Fall 2015 Issue of Regulation Magazine

In recent decades, policymakers have attempted to overcome zoning constraints on new development by granting special zoning exceptions in return for various developer-provided public benefits. This strategy is proving inadequate as zoning continues to suppress needed development of lower- and middle-class housing and employment. However, broader zoning reform is politically difficult because of incumbent-homeowner political coalitions.
In the new issue of Regulation, law professors Roderick M. Hills Jr. and David Schleicher recommend an unlikely cure for zoning regulations that are strangling our cities: binding, comprehensive, citywide plans. In Can ‘Planning’ Deregulate Land Use? , Hills and Schleicher propose a return to the use of comprehensive, citywide planning for land use regulation, which can only be approved or rejected, without amendment, by legislative bodies.

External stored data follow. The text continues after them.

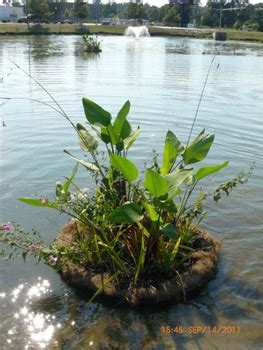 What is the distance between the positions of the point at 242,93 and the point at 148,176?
41.8 ft

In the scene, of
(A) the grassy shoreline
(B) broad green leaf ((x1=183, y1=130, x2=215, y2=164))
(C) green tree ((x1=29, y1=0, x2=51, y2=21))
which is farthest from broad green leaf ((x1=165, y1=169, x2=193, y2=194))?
(C) green tree ((x1=29, y1=0, x2=51, y2=21))

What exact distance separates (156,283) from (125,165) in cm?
115

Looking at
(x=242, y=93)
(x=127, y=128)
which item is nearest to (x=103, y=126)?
(x=127, y=128)

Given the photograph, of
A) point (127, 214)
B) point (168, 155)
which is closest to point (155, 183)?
point (127, 214)

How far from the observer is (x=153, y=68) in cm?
2253

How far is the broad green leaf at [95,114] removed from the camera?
4.10m

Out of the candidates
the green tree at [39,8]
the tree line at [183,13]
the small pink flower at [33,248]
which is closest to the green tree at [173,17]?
the tree line at [183,13]

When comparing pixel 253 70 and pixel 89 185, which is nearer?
pixel 89 185

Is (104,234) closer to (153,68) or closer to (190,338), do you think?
(190,338)

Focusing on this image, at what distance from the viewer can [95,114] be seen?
163 inches

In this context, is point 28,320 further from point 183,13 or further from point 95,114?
point 183,13

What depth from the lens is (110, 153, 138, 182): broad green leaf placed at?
134 inches

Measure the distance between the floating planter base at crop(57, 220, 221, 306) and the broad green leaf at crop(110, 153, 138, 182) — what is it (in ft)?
3.25

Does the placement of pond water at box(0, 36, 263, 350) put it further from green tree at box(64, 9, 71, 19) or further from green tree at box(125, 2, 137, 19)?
green tree at box(125, 2, 137, 19) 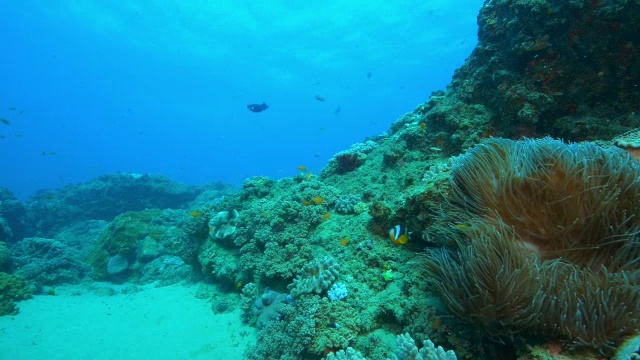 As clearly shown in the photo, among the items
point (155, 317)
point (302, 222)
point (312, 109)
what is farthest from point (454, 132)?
point (312, 109)

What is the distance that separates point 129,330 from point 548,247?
778cm

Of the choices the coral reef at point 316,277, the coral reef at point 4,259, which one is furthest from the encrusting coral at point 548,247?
the coral reef at point 4,259

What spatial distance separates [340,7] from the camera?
1674 inches

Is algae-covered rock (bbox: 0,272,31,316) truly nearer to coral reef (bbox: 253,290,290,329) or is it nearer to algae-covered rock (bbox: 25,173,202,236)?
coral reef (bbox: 253,290,290,329)

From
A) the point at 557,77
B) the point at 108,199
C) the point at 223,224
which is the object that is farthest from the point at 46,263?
the point at 557,77

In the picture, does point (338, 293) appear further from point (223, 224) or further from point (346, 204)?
point (223, 224)

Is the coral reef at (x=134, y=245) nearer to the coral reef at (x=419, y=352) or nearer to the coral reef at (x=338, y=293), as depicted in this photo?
the coral reef at (x=338, y=293)

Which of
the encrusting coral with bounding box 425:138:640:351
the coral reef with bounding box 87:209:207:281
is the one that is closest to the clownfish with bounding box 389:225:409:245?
the encrusting coral with bounding box 425:138:640:351

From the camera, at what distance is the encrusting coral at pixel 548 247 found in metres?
2.28

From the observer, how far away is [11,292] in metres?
8.55

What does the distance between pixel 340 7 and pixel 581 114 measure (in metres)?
43.3

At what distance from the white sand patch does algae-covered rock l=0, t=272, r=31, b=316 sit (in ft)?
0.69

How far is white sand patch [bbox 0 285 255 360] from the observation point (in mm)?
5848

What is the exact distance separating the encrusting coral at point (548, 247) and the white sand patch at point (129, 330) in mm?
4303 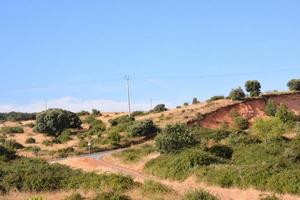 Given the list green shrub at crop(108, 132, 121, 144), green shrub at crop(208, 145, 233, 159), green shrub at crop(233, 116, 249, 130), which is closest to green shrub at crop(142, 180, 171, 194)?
green shrub at crop(208, 145, 233, 159)

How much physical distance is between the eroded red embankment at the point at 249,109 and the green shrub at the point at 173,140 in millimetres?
34246

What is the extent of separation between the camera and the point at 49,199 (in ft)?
90.5

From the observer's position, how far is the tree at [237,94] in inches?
3775

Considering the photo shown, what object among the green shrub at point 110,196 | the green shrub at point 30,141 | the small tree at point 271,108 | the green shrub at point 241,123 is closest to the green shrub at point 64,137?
the green shrub at point 30,141

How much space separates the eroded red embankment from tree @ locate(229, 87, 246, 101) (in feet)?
6.66

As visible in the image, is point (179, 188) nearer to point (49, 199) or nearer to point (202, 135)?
point (49, 199)

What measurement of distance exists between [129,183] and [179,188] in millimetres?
2951

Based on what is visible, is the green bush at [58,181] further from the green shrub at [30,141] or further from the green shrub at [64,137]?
the green shrub at [30,141]

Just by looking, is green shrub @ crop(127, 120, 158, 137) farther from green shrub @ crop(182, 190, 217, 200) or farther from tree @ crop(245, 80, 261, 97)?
green shrub @ crop(182, 190, 217, 200)

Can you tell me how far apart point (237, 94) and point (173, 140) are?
49467 mm

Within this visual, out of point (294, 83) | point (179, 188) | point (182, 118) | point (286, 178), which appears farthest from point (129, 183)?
point (294, 83)

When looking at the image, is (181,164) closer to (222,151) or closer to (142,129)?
(222,151)

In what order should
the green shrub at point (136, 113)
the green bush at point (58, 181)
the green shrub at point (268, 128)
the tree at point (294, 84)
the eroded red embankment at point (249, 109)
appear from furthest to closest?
1. the green shrub at point (136, 113)
2. the tree at point (294, 84)
3. the eroded red embankment at point (249, 109)
4. the green shrub at point (268, 128)
5. the green bush at point (58, 181)

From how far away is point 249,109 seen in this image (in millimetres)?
92312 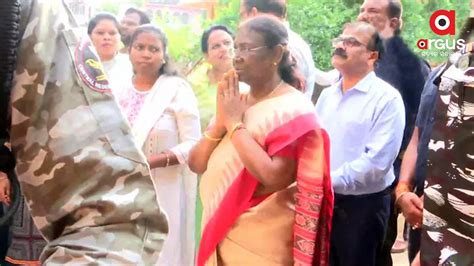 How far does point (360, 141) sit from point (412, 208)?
0.19 meters

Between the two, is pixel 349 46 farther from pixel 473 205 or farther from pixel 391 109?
pixel 473 205

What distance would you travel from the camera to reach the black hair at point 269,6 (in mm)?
1570

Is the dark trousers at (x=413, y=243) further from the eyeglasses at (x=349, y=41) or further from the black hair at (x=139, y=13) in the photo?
the black hair at (x=139, y=13)

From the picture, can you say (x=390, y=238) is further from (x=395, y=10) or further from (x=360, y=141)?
(x=395, y=10)

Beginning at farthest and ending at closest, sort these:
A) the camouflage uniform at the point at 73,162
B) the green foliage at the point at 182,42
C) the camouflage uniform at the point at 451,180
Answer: the green foliage at the point at 182,42, the camouflage uniform at the point at 451,180, the camouflage uniform at the point at 73,162

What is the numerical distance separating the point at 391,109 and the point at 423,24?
0.20 metres

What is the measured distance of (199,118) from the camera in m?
1.65

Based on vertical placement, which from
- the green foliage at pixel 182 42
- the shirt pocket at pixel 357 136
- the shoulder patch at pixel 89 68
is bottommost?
the shirt pocket at pixel 357 136

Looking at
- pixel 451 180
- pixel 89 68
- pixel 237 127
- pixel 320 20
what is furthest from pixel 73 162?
pixel 320 20

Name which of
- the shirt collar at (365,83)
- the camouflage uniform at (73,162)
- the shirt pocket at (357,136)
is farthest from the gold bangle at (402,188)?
the camouflage uniform at (73,162)

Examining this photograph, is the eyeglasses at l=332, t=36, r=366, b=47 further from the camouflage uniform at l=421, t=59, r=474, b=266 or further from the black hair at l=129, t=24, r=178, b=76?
the black hair at l=129, t=24, r=178, b=76

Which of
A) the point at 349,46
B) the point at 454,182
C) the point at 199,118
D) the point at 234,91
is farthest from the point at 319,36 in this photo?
the point at 454,182

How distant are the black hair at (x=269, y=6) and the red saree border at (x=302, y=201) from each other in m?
0.24

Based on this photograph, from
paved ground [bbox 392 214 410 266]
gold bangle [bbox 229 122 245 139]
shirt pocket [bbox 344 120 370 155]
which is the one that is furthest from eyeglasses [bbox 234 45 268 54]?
paved ground [bbox 392 214 410 266] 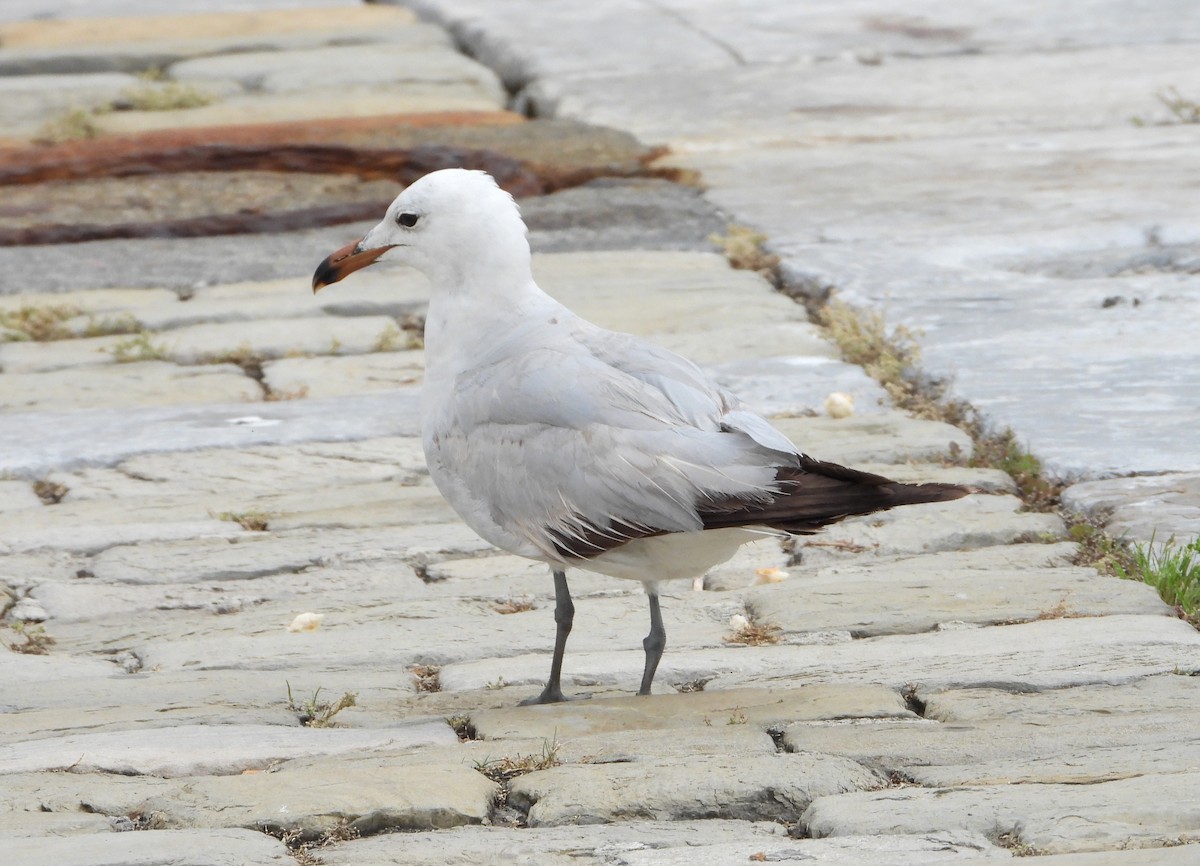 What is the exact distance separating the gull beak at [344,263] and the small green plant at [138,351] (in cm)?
179

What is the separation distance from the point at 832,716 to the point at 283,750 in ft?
3.02

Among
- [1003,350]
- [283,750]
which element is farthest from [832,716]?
[1003,350]

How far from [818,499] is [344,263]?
1.56 meters

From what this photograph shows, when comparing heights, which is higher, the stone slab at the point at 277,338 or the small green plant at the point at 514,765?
the stone slab at the point at 277,338

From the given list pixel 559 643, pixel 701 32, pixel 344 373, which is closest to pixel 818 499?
pixel 559 643

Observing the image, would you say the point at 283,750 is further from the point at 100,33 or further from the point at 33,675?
the point at 100,33

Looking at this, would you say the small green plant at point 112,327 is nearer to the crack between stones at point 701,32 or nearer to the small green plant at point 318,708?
the small green plant at point 318,708

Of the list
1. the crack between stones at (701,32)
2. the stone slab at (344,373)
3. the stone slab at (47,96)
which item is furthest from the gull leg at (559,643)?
the crack between stones at (701,32)

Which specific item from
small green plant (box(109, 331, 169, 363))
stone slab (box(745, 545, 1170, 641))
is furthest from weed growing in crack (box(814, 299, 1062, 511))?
small green plant (box(109, 331, 169, 363))

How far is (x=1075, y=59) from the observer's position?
1020 cm

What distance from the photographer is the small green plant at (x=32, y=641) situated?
3.66m

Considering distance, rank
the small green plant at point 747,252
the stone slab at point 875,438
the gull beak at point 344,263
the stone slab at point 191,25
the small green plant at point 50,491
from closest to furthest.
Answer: the gull beak at point 344,263 < the stone slab at point 875,438 < the small green plant at point 50,491 < the small green plant at point 747,252 < the stone slab at point 191,25

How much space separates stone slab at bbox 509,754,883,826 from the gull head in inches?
55.9

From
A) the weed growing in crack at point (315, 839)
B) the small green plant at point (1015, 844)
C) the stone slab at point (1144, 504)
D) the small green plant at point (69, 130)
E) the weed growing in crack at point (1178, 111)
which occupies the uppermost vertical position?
the weed growing in crack at point (1178, 111) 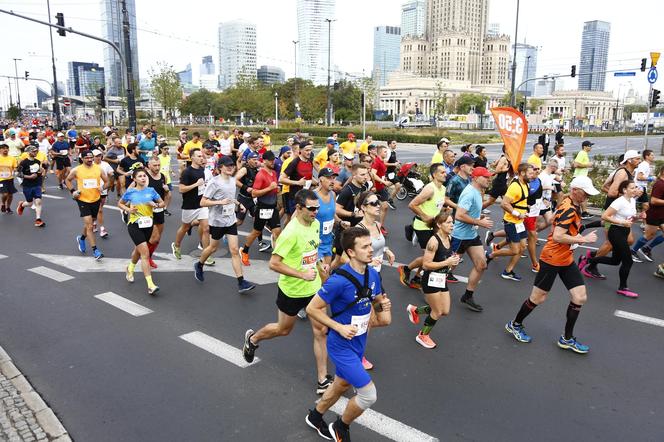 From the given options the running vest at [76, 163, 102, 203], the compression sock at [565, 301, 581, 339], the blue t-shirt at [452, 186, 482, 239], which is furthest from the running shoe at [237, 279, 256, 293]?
the compression sock at [565, 301, 581, 339]

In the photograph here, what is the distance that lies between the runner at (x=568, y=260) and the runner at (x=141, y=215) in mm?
5050

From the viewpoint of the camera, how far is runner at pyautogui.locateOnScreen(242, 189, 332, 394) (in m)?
4.44

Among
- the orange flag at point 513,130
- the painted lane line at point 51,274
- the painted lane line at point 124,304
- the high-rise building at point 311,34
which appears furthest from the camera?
the high-rise building at point 311,34

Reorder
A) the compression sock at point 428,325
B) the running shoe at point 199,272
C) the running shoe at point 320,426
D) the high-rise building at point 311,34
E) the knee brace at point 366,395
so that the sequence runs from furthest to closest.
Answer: the high-rise building at point 311,34 < the running shoe at point 199,272 < the compression sock at point 428,325 < the running shoe at point 320,426 < the knee brace at point 366,395

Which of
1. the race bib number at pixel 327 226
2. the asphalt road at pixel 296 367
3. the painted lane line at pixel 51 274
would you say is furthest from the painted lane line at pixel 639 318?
the painted lane line at pixel 51 274

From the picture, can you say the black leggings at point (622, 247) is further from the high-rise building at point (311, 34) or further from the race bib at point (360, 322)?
the high-rise building at point (311, 34)

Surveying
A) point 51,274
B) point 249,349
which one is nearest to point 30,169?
point 51,274

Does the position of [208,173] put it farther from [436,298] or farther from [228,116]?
[228,116]

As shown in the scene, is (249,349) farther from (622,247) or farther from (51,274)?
(622,247)

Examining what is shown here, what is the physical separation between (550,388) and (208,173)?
10.9 m

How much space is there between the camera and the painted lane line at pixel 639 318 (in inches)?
243

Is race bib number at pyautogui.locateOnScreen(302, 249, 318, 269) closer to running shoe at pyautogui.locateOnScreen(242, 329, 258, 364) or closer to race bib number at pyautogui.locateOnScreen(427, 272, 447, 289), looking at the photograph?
running shoe at pyautogui.locateOnScreen(242, 329, 258, 364)

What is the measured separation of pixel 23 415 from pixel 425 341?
3.82 metres

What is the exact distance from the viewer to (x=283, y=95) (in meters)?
91.6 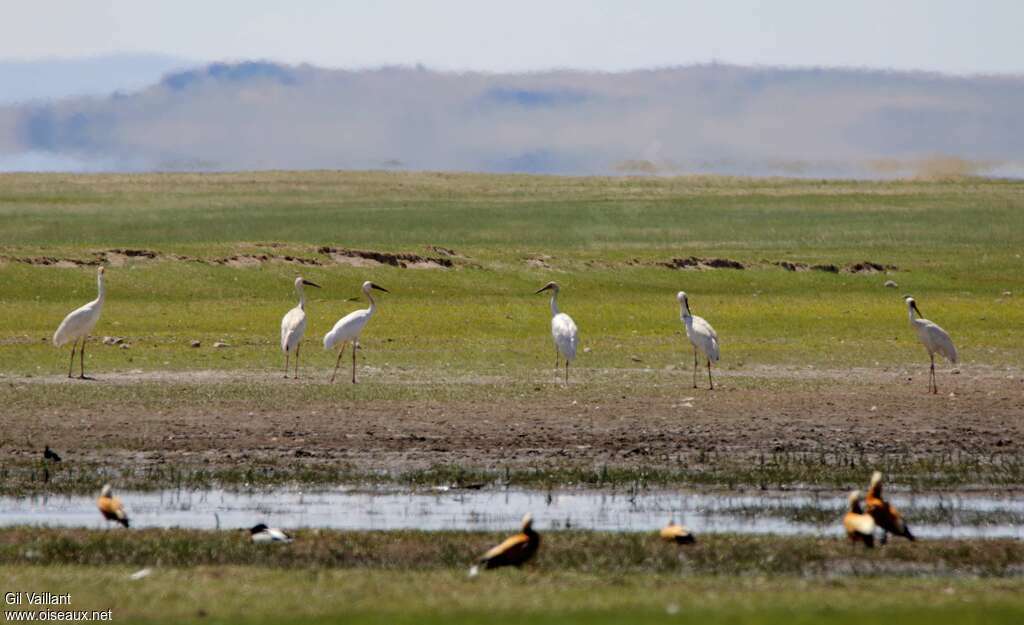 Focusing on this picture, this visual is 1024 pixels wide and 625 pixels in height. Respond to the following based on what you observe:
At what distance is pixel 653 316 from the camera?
36750 mm

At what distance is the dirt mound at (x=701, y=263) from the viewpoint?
46.9 metres

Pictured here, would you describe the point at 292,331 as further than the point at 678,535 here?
Yes

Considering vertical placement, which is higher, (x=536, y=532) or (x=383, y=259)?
(x=383, y=259)

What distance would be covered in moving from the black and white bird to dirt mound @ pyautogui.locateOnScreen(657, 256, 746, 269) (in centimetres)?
3401

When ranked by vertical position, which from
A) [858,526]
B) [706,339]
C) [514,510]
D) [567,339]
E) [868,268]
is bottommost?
[514,510]

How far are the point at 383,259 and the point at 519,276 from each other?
12.8 ft

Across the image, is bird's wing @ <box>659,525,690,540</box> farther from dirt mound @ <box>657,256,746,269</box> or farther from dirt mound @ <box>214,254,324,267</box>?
dirt mound @ <box>657,256,746,269</box>

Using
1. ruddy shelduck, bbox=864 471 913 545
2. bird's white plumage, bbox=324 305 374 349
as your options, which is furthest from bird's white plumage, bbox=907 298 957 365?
ruddy shelduck, bbox=864 471 913 545

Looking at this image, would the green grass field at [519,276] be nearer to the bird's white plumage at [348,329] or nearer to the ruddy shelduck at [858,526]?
the bird's white plumage at [348,329]

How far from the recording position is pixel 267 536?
1327 centimetres

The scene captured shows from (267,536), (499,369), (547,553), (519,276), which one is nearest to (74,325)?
(499,369)

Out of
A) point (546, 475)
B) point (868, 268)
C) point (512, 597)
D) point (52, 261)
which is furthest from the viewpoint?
point (868, 268)

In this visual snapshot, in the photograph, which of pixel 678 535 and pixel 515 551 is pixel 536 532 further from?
pixel 678 535

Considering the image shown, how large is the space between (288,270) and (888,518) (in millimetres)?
30286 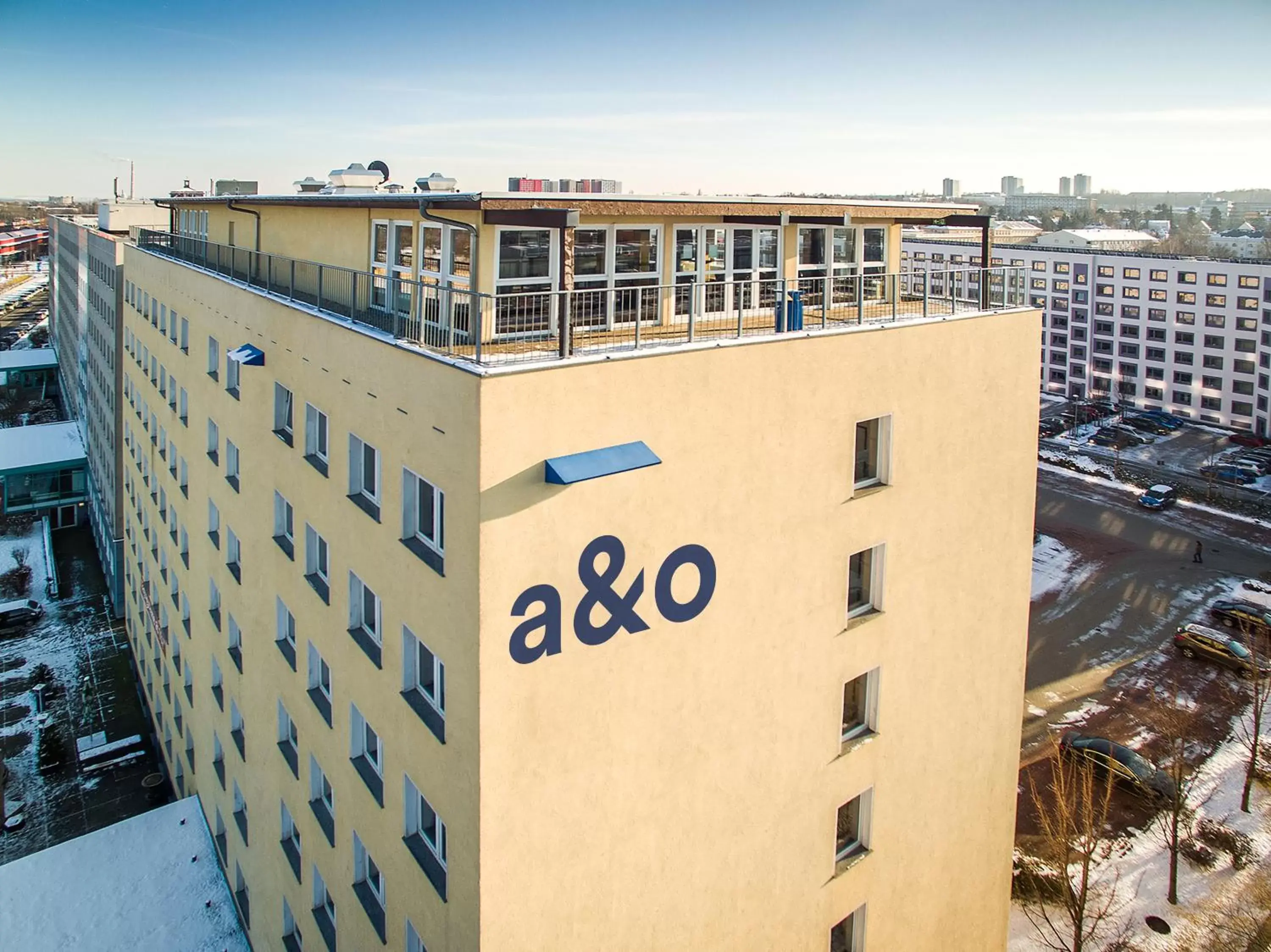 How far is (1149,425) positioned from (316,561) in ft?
236

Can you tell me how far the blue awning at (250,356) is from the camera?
14.6 metres

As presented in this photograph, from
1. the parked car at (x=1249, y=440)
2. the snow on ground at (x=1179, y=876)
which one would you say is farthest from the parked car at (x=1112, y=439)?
the snow on ground at (x=1179, y=876)

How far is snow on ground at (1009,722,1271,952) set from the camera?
20.4 meters

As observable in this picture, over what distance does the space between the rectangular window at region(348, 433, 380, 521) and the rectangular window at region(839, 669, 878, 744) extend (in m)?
7.32

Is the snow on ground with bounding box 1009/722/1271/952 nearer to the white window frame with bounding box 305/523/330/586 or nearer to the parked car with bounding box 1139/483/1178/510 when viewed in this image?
the white window frame with bounding box 305/523/330/586

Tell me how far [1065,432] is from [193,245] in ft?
211

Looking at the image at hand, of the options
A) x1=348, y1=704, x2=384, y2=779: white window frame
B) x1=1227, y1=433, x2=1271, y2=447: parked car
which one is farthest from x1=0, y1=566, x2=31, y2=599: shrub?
x1=1227, y1=433, x2=1271, y2=447: parked car

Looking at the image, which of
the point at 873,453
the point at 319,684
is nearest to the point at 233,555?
the point at 319,684

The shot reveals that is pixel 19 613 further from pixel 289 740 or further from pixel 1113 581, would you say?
pixel 1113 581

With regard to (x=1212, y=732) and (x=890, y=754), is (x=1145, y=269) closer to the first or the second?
(x=1212, y=732)

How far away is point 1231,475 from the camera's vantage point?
56250 millimetres

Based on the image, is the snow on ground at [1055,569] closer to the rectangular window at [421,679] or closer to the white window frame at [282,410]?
the white window frame at [282,410]

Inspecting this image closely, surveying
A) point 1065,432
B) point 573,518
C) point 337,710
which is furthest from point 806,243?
point 1065,432

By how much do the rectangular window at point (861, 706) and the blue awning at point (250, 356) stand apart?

Also in this issue, Richard A. Booth argues against adopting the European approach to insider trading; Pierre Lemieux illustrates how “public health” as a concept has become divorced from its original, intended meaning; Omri Ben-Shahar and Kyle Logue criticize government-subsidized weather insurance for subsidizing the wealthy and encouraging development in disaster-prone areas; and Joseph Michael Newhard shows how domestic firearms manufacturing has actually benefitted from gun control policies.